For a study by the University of Cambridge, more than 300,000 people from 57 countries were asked to use pictures of a face to describe in one word how the person depicted feels.

Psychology: Cambridge study proves women really are more empathetic than men

For a study by the University of Cambridge, more than 300,000 people from 57 countries were asked to use pictures of a face to describe in one word how the person depicted feels. The worldwide results of the so-called "Eyes Test" showed that women actually did better than men. In 36 countries, women were ahead of men, and in 21 countries, both sexes were roughly equal. In no country did men perform better than women. It is also interesting that young people were particularly emphatic. Empathy decreased slightly in adulthood.
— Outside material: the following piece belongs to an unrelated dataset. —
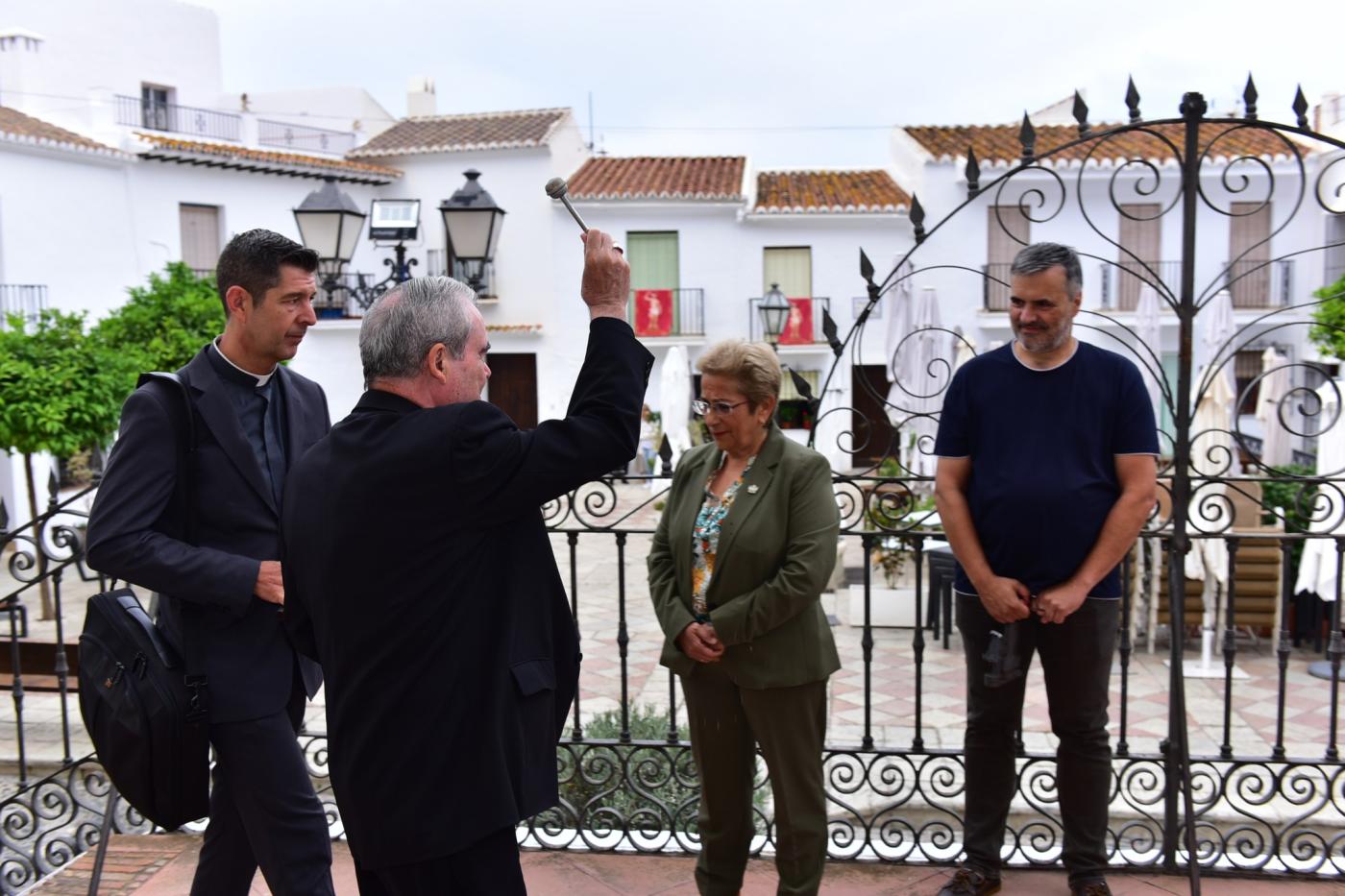 «La Visita de D. Jesús fortalece a la comunidad de Frigiliana para seguir trabajando por el Evangelio»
dr David Greenberg, the study's lead scientist, said: "Our findings are one of the first evidence that the well-known phenomenon that women are, on average, more empathetic than men can be observed in a variety of countries around the world."

On the one hand, the results are not surprising. They confirm the impression of earlier studies with smaller numbers of participants. On the other hand, they amaze. In Europe, for example, the empathy advantage of women is small. In the richer and freer democracies, the lines are blurring. In Great Britain, Switzerland, Australia and Denmark there was the smallest difference between men and women. In countries like Saudi Arabia, women were consistently more empathetic.

"We found that gender differences in the Eyes Test were more pronounced in some countries than others. Our country-level analyzes suggest that female advantage in the Eyes Test is related to various country-specific characteristics such as collectivism ", says Dr. Greenberg.

Incidentally, the results cannot be transferred to the level of individuals. Single men are always very good at empathizing with others, and single women totally lack this ability.

The study was published in the Proceedings of the National Academy of Sciences (PNAS).